### Exercise
Pick the lines holding the string "Girl" out of the records and copy them.

### Source material
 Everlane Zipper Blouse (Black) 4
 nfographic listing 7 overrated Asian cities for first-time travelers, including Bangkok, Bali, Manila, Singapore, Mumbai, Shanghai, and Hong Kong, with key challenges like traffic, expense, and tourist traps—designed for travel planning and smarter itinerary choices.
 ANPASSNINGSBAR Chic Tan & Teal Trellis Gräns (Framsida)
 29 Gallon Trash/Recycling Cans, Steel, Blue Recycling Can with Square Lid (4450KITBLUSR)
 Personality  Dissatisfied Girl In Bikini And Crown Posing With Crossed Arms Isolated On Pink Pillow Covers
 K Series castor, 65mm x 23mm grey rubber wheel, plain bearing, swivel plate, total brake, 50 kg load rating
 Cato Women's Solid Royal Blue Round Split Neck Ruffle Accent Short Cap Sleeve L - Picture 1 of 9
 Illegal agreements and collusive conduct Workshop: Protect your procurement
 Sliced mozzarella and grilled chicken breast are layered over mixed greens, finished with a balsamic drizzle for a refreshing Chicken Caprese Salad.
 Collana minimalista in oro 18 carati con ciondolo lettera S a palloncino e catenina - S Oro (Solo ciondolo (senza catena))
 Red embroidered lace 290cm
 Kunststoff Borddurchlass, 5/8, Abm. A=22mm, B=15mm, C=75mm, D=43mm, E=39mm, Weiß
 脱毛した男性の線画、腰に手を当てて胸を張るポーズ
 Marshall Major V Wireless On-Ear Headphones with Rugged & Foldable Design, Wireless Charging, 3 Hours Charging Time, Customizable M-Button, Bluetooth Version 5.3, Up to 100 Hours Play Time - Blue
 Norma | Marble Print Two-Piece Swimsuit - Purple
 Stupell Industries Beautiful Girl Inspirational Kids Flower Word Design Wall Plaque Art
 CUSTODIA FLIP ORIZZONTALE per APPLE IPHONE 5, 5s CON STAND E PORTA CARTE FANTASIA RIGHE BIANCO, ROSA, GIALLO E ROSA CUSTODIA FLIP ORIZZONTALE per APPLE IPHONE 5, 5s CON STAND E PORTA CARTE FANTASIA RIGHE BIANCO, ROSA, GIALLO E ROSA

### Exercise answer
 Personality  Dissatisfied Girl In Bikini And Crown Posing With Crossed Arms Isolated On Pink Pillow Covers
 Stupell Industries Beautiful Girl Inspirational Kids Flower Word Design Wall Plaque Art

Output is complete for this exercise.